DURBAN - The formal trial against seven Chinese nationals charged with human trafficking and violating South African labour laws is expected to begin on Wednesday in the South Gauteng High Court.
This was after the matter was postponed on Monday due to the non-availability of Chichewe and Mandarin interpreters.
The seven were arrested for allegedly running an illegal enterprise called Beautiful City Pty Ltd located at Village Deep in Johannesburg.
They were arrested in a November 2019 joint operation conducted by the Department of Employment and Labour’s Inspection and Enforcement Services (IES) in partnership with the South African Police Services (SAPS), Department of Home Affairs and the police’s Hawks Unit.
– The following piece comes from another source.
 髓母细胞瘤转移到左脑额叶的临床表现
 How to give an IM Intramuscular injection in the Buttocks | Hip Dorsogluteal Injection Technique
The joint operation came after a tip-off that the Chinese nationals were allegedly involved in the trafficking of illegal immigrants into South Africa and subjecting them to forced labour.
During the joint blitz, 91 Malawian nationals were found in the factory, 37 of whom were children.
During their bail hearing, the Johannesburg Magistrate’s Court heard that the Malawians working in the Chinese factory were transported to South Africa using containers. They were allegedly brought to South Africa by a middleman known as "The Transporter".
The seven Chinese nationals are Kevin Tsao Shu-Uei, Chen Hui, Qin Li, Jiaqing Zhou, Ma Biao, Dai Junying, and Zhang Zhilian. Six of them are out on bail.
IOL reported that Tsao was granted a bail of R70 000, Hui was granted bail of R55 000 and the remaining four were granted bail of R30 000 each.
Accused number seven, Zhang Zhulian, was held in custody because on February 24, 2021, she tried to abscond and was arrested at the OR Tambo International Airport.
Department of Employment and Labour acting spokesperson Musa Zondi said the accused are facing schedule six offences and will face 160 counts relating to the contravention of the Compensation for Occupational Injuries and Diseases Act (COIDA), Occupational Health and Safety (OHS) Act, Unemployment Insurance Act, Unemployment Contributions Act, Prevention and Combating of Trafficking in Persons Act, and contravention of Immigration Act.
The charges also relate to knowingly employing illegal foreigners, human trafficking, kidnapping, pointing a firearm, debt bondage, benefiting from the services of a victim of trafficking, conduct that facilitates trafficking, illegally assisting person(s) to remain in South Africa and failure to comply with duties of an employer.
“The Department of Employment and Labour is involved in the matter to press for the prosecution of the accused for violating South Africa’s labour laws.”